Pengamat: Intelijen Indonesia Harus Lebih Tanggap

Slide ke-5 presentasi Power Point mengenai program PRISM, bagian operasi intelijen NSA yang dibocorkan Edward Snowden
Foto: WASHINGTON POST
Slide ke-5 presentasi Power Point mengenai program PRISM, bagian operasi intelijen NSA yang dibocorkan Edward Snowden

REPUBLIKA.CO.ID, YOGYAKARTA -- Pengamat Politik Universitas Gadjah Mada Yogyakarta, Erwan Agus Purwanto, mengatakan sistem intelijen Indonesia harus diperkuat agar lebih tanggap terhadap potensi penyadapan pada pemerintah oleh negara lain setiap saat.

"Jadi menurut saya sistem intelijen kita yang harus dibenahi. Dengan sikap terkaget-kaget atas kasus penyadapan oleh Australia, menunjukkan bahwa intelijen kita masih lemah," kata Dekan Fakultas Ilmu Sosial dan Politik (Fisipol) UGM ini di Yogyakarta, Rabu (27/11).

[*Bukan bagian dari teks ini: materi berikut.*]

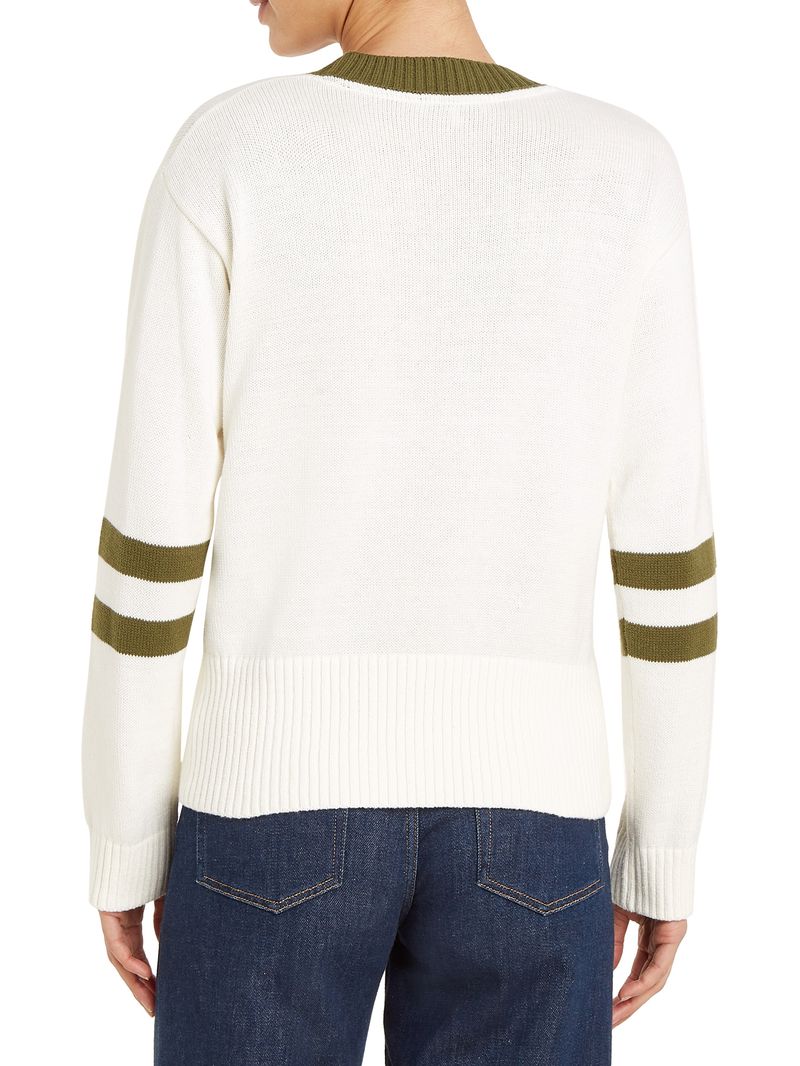 Sweater-varsity-en-cuello-v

Menurut Erwan, tindakan penyadapan merupakan hal yang lumrah di dunia intelijen. Setiap negara memiliki kemungkinan untuk memperoleh informasi dari negara lain. Hal itu berfungsi sebagai bahan strategis untuk membuat sebuah kebijakan suatu negara.

"Saya kira itu memang tugas intelijen mengumpulkan data. Indonesia pun dapat melakukan hal yang sama. Cuma permasalahannya akan muncul apabila kemudian upaya itu ketahuan," katanya.

Menurut dia, persoalan penyadapan tidak selalu berhubungan dengan upaya merendahkan suatu negara,melainkan pengumpulan data sebagai acuan strategi kebijakan. "Kita juga harus paham bahwa negara lain jelas ingin tahu yang terjadi di negara kita untuk menyusun sebuah kebijakan," katanya.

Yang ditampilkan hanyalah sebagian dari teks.